How To Skillfully Write About Competitors On Your Blog

Ramona Sukhraj

By Ramona Sukhraj

Feb 20, 2023

How To Skillfully Write About Competitors On Your Blog

Coke has Pepsi. McDonald's has Burger King. Apple has Android.

As much as every business would like to believe it's a unique snowflake in its market, it almost always has competitors — and prospective buyers want to know how they stack up.

Rather than run from the comparisons, confronting your competition head on should be an integral part of your content strategy.

I know what you're thinking: "Why would I ever talk about my competitors? I want people focused on my options, not theirs."

Well, for one, people are going to think about your competitors whether you like it or not. In fact, 65% of buyers report spending at least 16 minutes comparing options before making a purchase. 

Embracing this buyer behavior will help you get in front of your target audience when they're weighing their options, guide the conversation surrounding the comparison, and build trust as the expert who provided the answer your buyer was looking for.

Over the years, IMPACT has trained hundreds of businesses around the world create high quality, traffic and lead-driving content about their competitors. In this article, we will guide you to do the same.

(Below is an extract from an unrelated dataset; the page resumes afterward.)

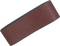 Brúsny pás obdĺžnikového tvaru, tmavočervenej farby, rovnomerne zrnitý, slúži na vyhladenie povrchov v remeselných aplikáciách.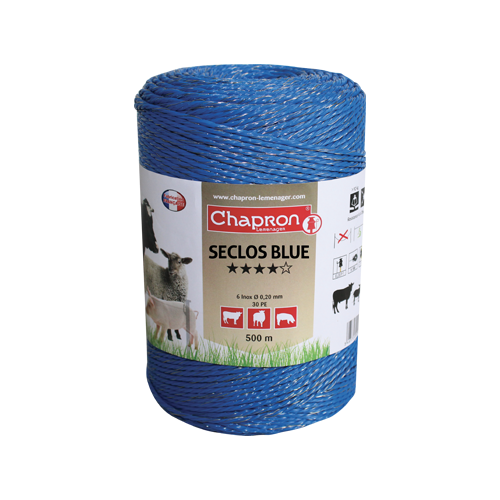 Cordon de cl�ture �lectrique bleu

Why write about the competition?

At first glance, talking about your competitors might seem counterintuitive, but over the years, we've found the companies that recognize and acknowledge their competition ultimately fare better than those that don't.

Here's why.

1. You'll build trust with your audience

No business exists in a silo. Creating content about your competitors shows prospective buyers that you are aware of your surroundings and recognize what's going on in a buyer's head. 

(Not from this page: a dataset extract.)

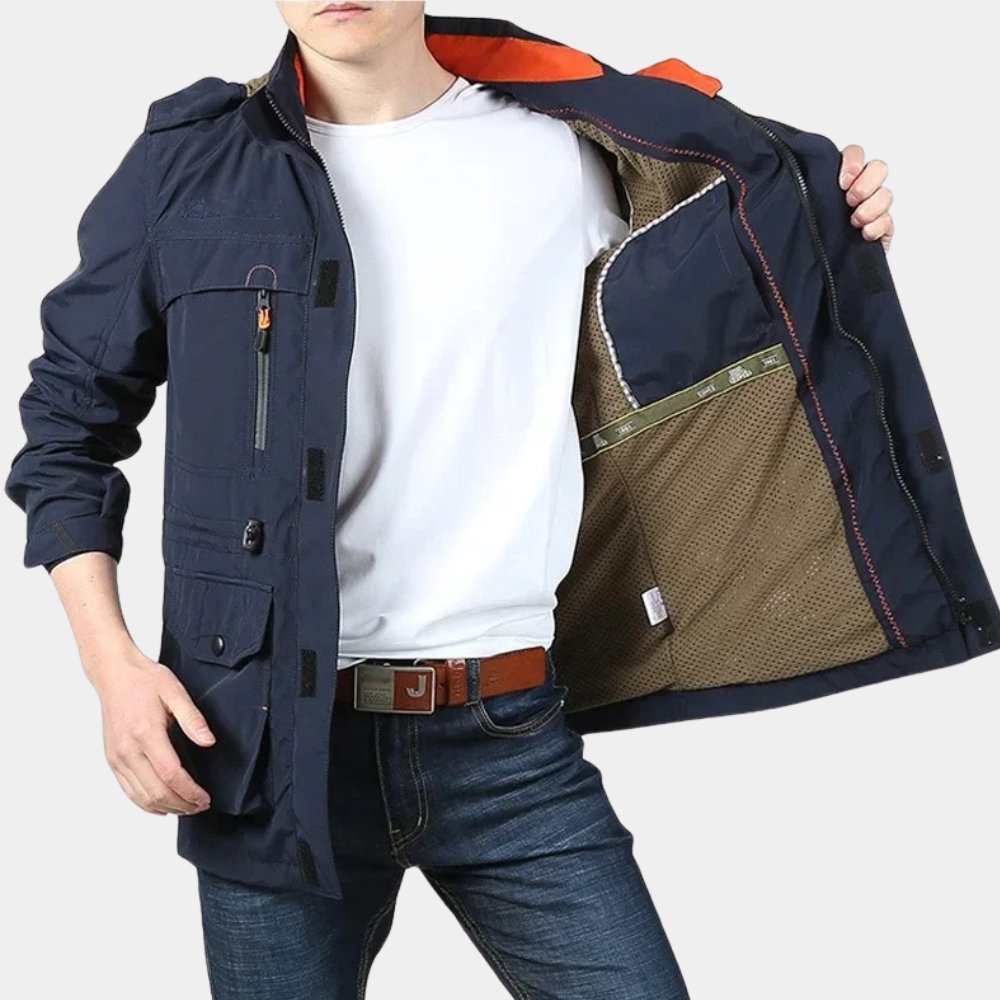 Damond - Casaco Cargo de Verão Masculino, Leve e Arejado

You're not naive. You're not ignoring the fact that buyers have other options and will wonder about them. You're actually acknowledging these natural thoughts and helping resolve them. 


Now, this doesn't mean you have a license to bash your competition. Buyers can see right through that. 

The key is to deliver the facts about your competition — their products, services, weaknesses, and strengths.

Most consumers have never had a company inform them honestly about their other options, much less offer transparency into their own competitive analysis.

Doing so shows integrity. It shows that they can trust you have your buyer's best interests in mind. You're not simply trying to sell anyone you can. 

2. You'll expand your organic reach

Writing content about your competitors may have you going after keywords that would typically send traffic directly to your competitors’ websites or third-party review sites.

Think of Engage Bay's article "HubSpot Pricing and Comparison with Affordable Alternatives." Engage Bay, like HubSpot, is an all-in-one platform for marketing, sales, and support teams. 


When a prospect searches for something like "HubSpot Pricing" there’s a good chance they are in the decision stage of their buyer’s journey and want to know more about HubSpot before making a final decision.

Many may not even know Engage Bay is the same market. 

After finding this article, however, they do. 

Answering questions around competitors and having prospects come to your site gives you a chance to introduce your product or service as an option. This helps you expand your reach and perhaps even get some new people in your pipeline. 

3. You get to control the conversation

Addressing how other businesses could potentially help with your buyer's problem too, allows you to control the conversation surrounding them.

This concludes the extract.